= Provided entries =
BEGIN
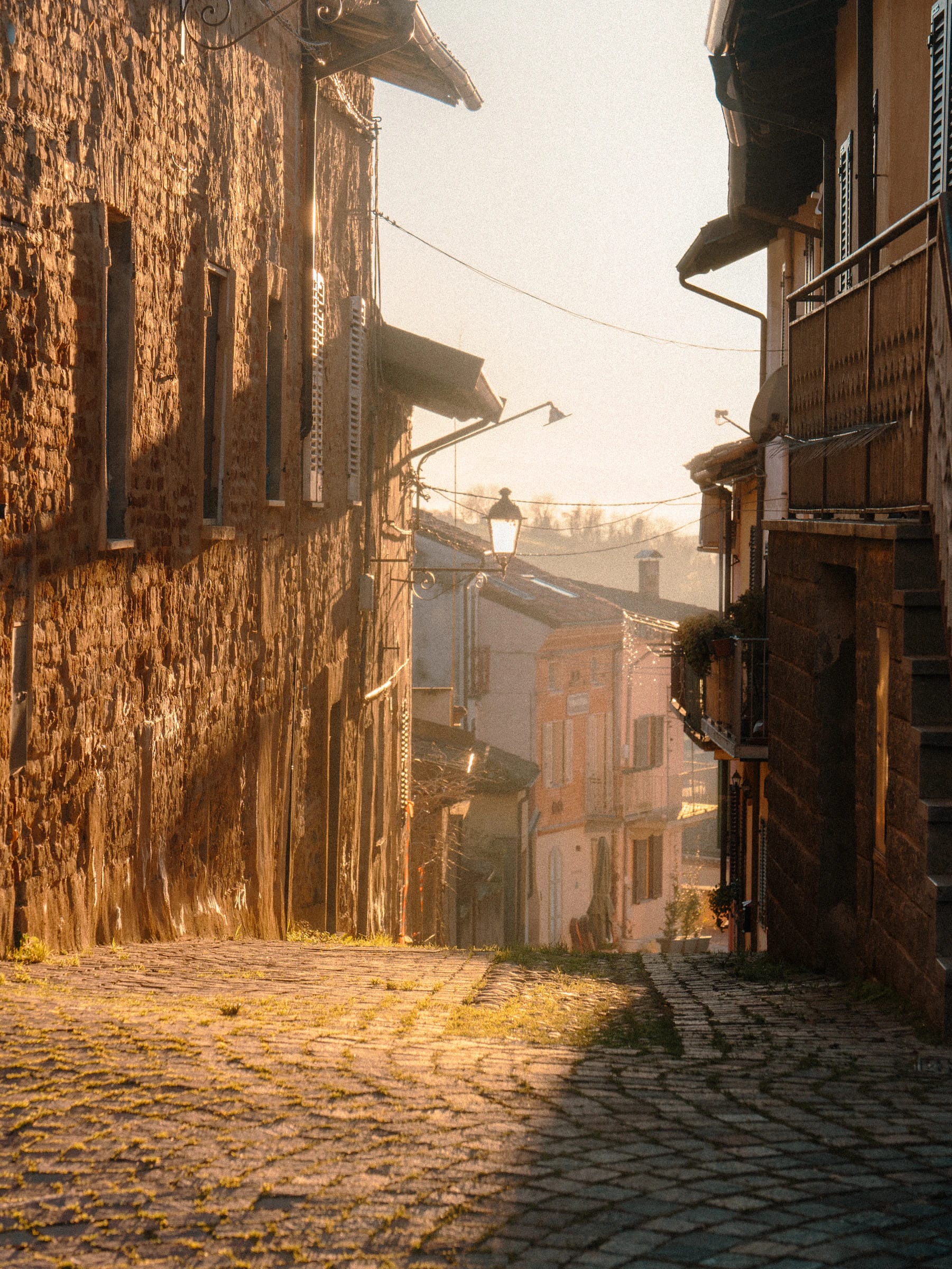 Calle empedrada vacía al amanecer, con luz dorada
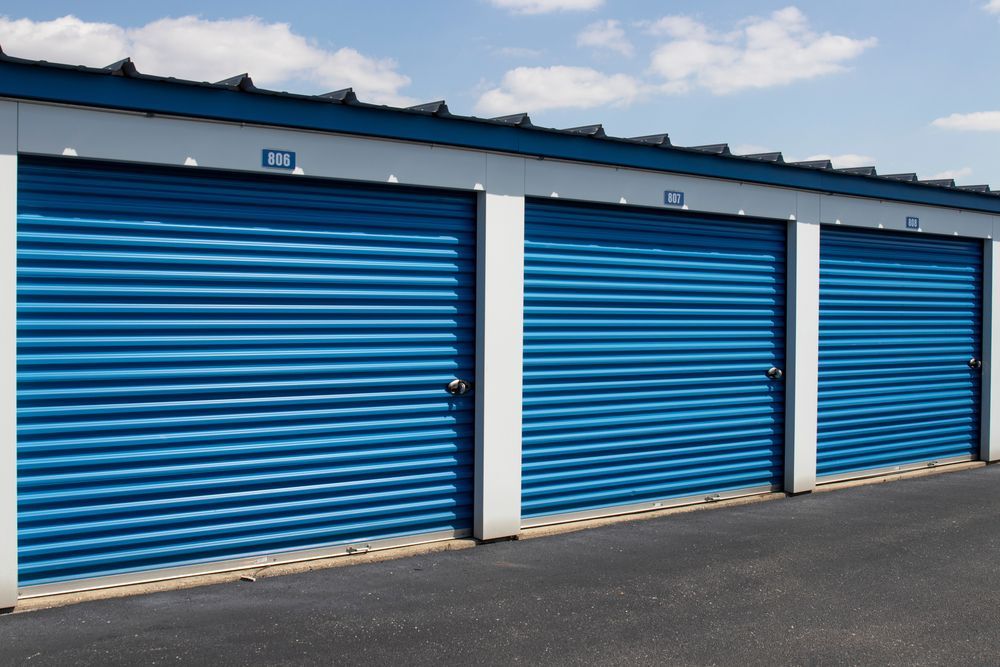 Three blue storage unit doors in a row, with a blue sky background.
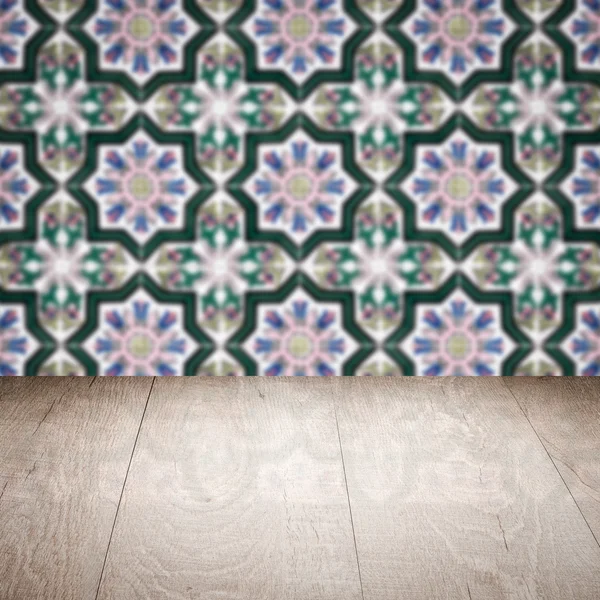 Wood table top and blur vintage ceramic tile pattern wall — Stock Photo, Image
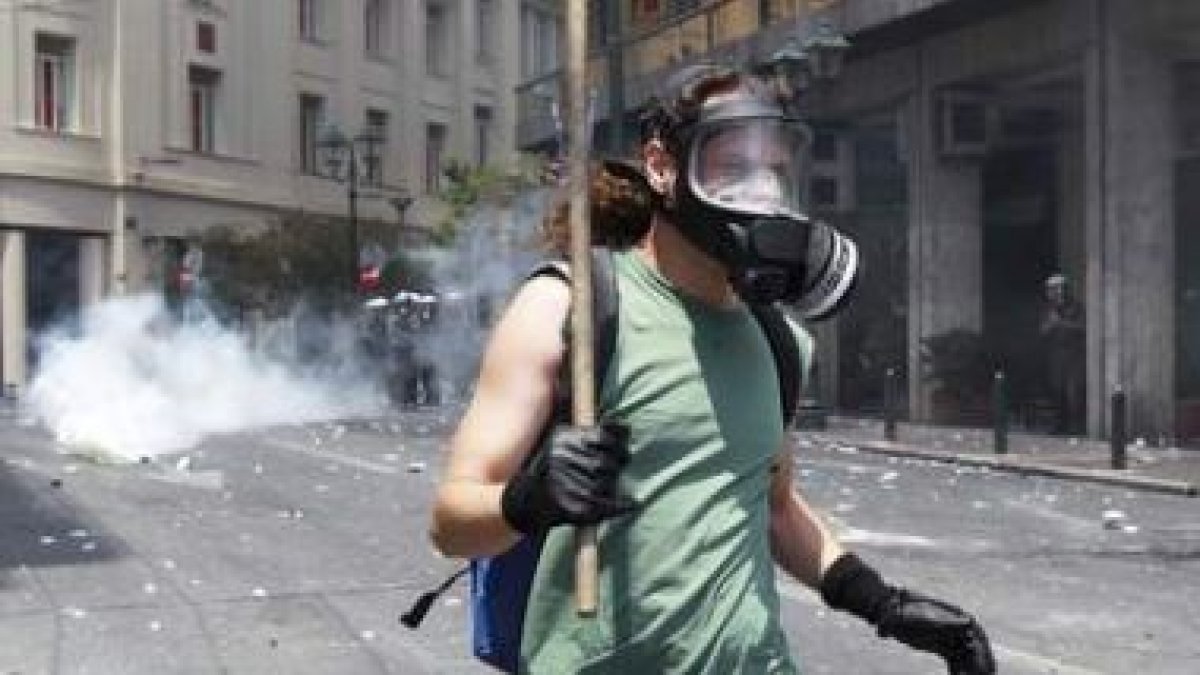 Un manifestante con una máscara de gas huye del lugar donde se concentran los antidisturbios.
END
BEGIN
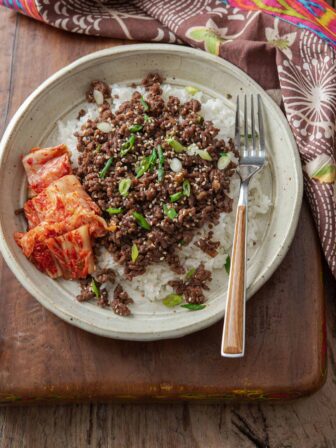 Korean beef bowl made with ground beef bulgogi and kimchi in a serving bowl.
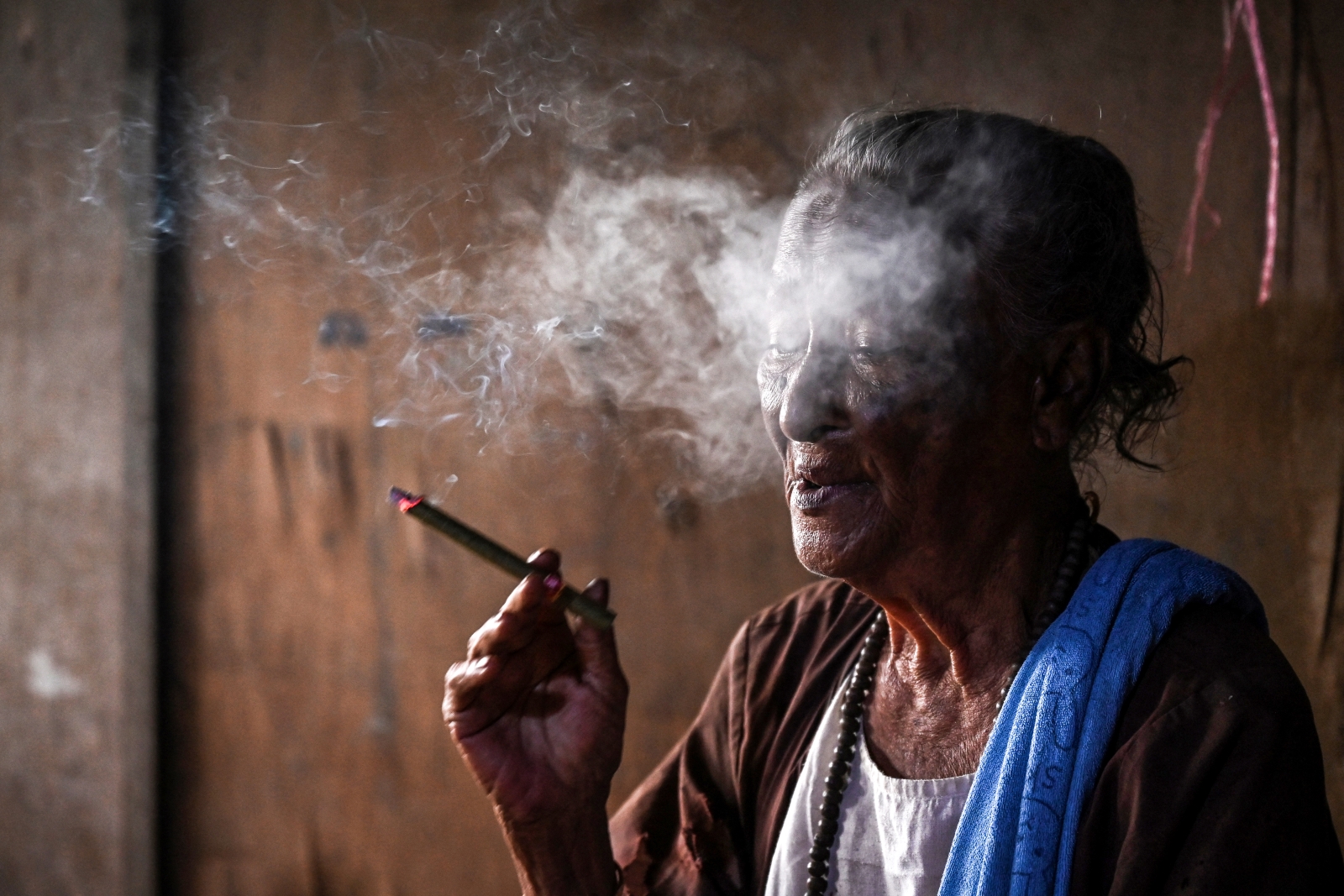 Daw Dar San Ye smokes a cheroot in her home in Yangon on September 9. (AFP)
END
BEGIN
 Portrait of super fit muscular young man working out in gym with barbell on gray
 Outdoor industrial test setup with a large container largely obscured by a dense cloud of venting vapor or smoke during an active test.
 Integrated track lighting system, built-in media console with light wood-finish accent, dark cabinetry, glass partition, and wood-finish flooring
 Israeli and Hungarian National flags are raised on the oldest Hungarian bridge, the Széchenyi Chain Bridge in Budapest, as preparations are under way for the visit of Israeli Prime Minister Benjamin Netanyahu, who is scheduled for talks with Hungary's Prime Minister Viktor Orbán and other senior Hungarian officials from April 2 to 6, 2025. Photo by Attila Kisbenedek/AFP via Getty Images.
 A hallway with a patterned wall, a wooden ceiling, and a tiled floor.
END
= Activity =
When you reach the line holding "Integrated track lighting" in the records above, begin reproducing exactly, stop after the line holding "A hallway with", and output nothing else.

= Task answer =
 Integrated track lighting system, built-in media console with light wood-finish accent, dark cabinetry, glass partition, and wood-finish flooring
 Israeli and Hungarian National flags are raised on the oldest Hungarian bridge, the Széchenyi Chain Bridge in Budapest, as preparations are under way for the visit of Israeli Prime Minister Benjamin Netanyahu, who is scheduled for talks with Hungary's Prime Minister Viktor Orbán and other senior Hungarian officials from April 2 to 6, 2025. Photo by Attila Kisbenedek/AFP via Getty Images.
 A hallway with a patterned wall, a wooden ceiling, and a tiled floor.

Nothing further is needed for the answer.